**Description of the task:** Output the listing below exactly, minus its images.

──────── Information supplied ────────

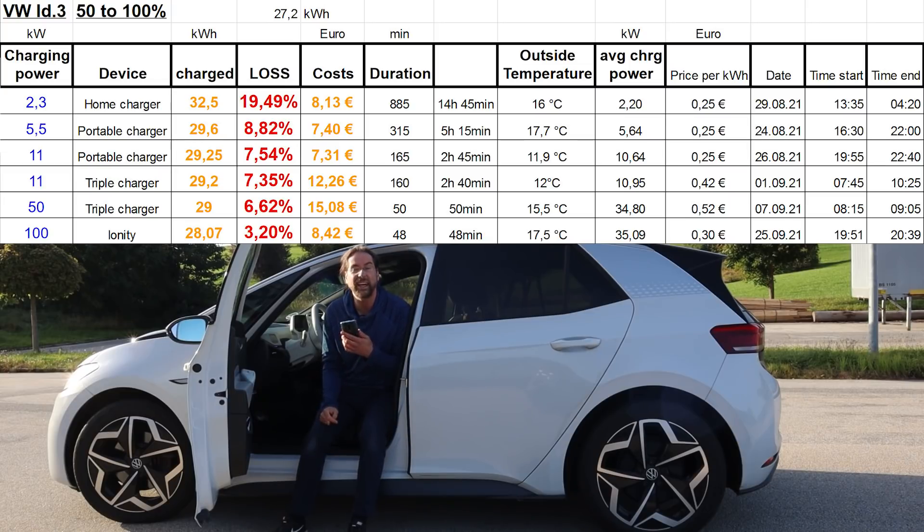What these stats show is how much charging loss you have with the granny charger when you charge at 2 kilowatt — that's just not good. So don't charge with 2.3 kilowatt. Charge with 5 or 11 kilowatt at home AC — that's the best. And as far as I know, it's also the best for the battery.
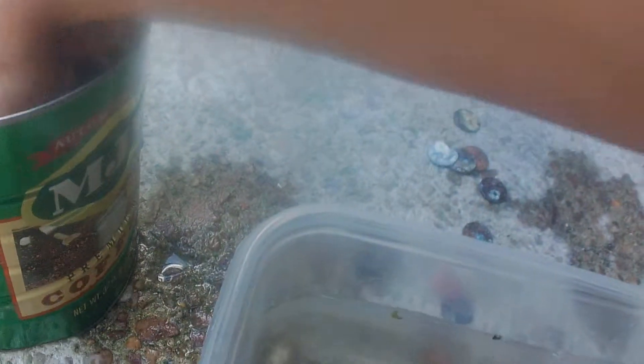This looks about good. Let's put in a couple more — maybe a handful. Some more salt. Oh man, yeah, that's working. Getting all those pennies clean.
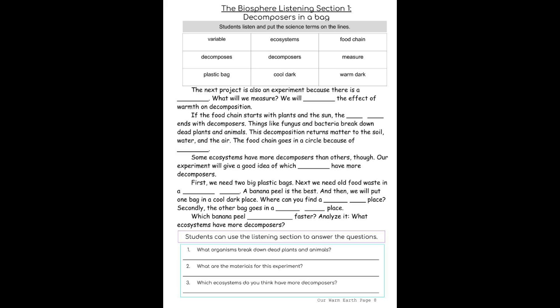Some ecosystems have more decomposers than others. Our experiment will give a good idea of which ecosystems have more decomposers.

────────

**Answer for this exercise:**
What these stats show is how much charging loss you have with the granny charger when you charge at 2 kilowatt — that's just not good. So don't charge with 2.3 kilowatt. Charge with 5 or 11 kilowatt at home AC — that's the best. And as far as I know, it's also the best for the battery.
This looks about good. Let's put in a couple more — maybe a handful. Some more salt. Oh man, yeah, that's working. Getting all those pennies clean.
Some ecosystems have more decomposers than others. Our experiment will give a good idea of which ecosystems have more decomposers.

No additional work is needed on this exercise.